(DATA BELOW Opens)

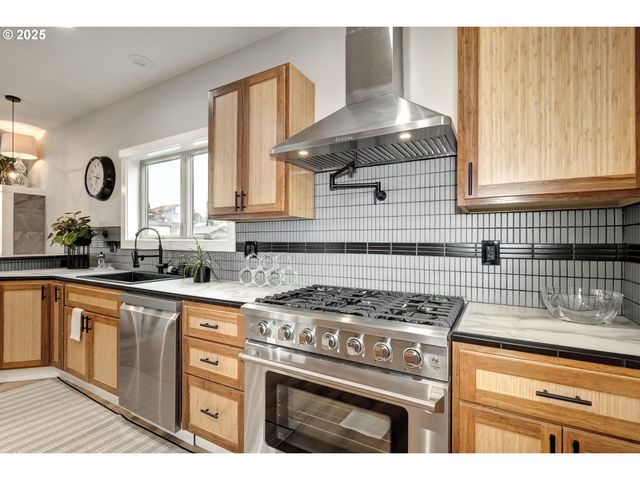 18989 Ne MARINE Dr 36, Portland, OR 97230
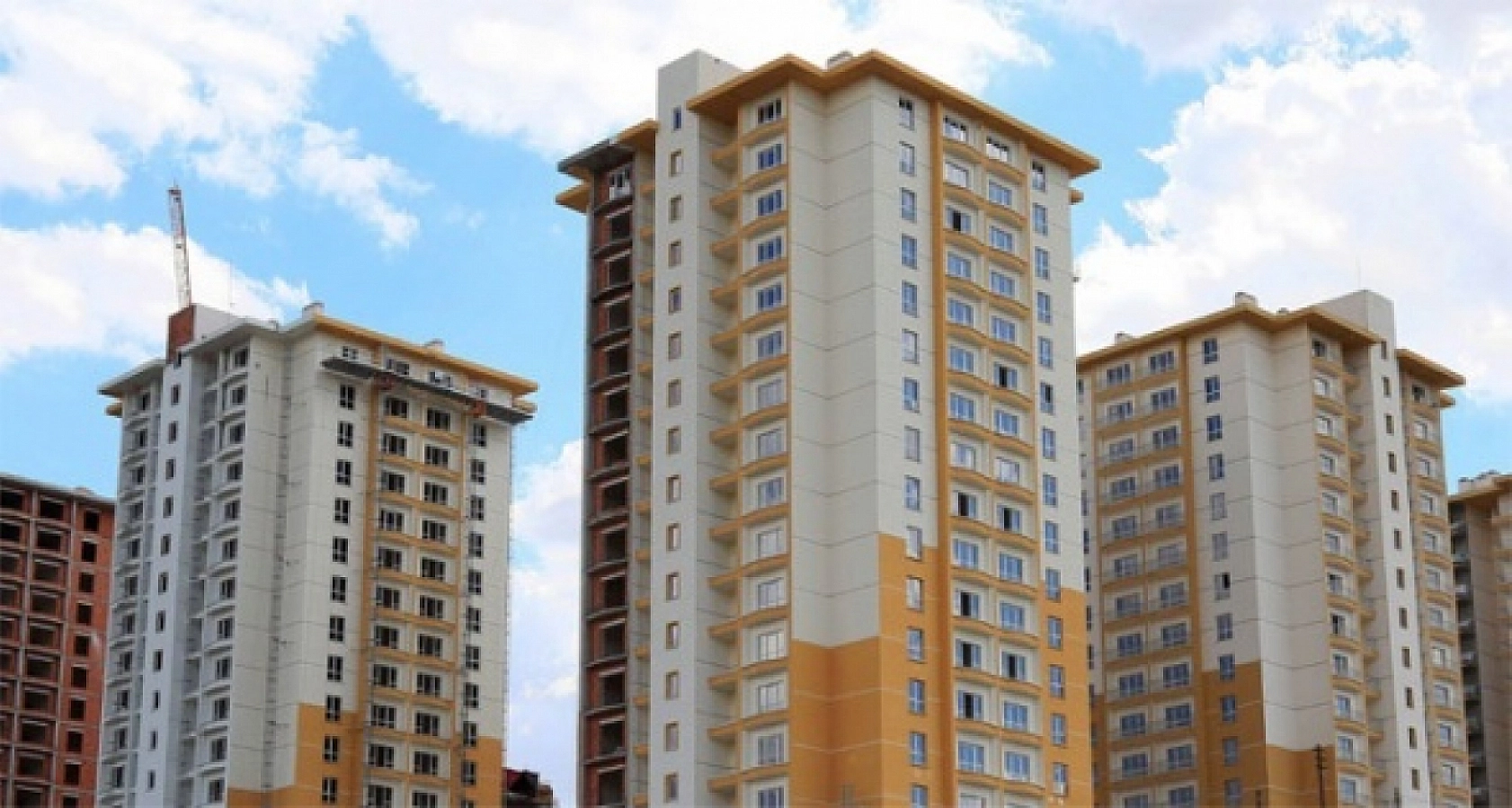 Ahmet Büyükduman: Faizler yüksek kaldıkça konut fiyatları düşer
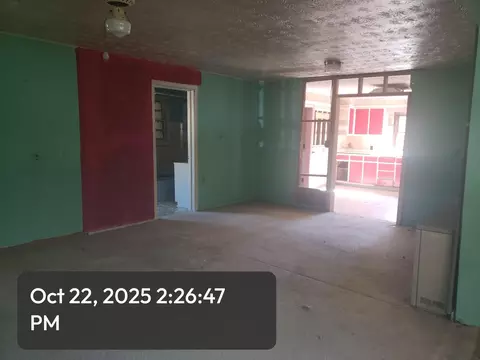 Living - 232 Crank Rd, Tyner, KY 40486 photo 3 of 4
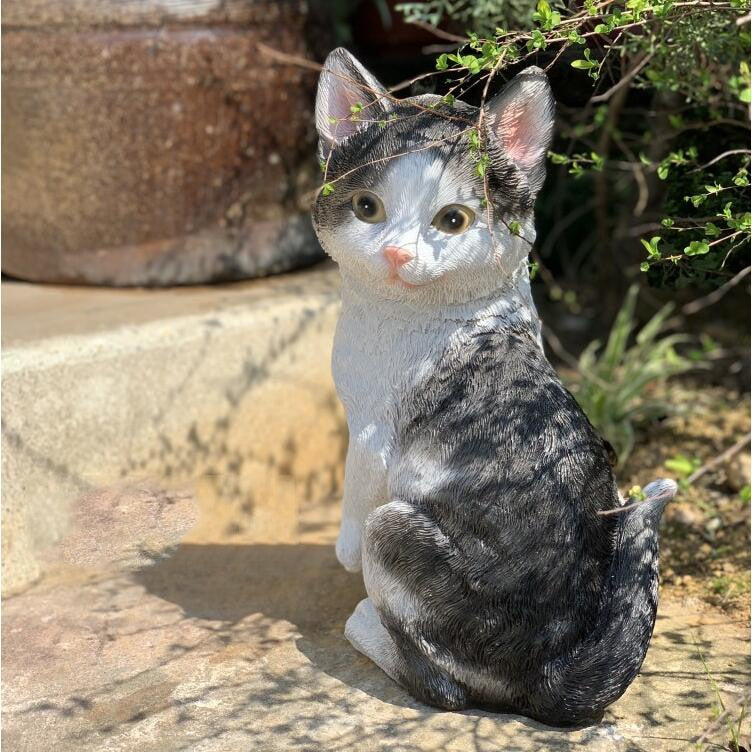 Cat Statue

(DATA BELOW Closes)

- _PROBLEM TO SOLVE_
Wherever an image sits in the data, omit it; everything else must be copied exactly.

- _EXERCISE RESPONSE_
 18989 Ne MARINE Dr 36, Portland, OR 97230
 Ahmet Büyükduman: Faizler yüksek kaldıkça konut fiyatları düşer
 Living - 232 Crank Rd, Tyner, KY 40486 photo 3 of 4
 Cat Statue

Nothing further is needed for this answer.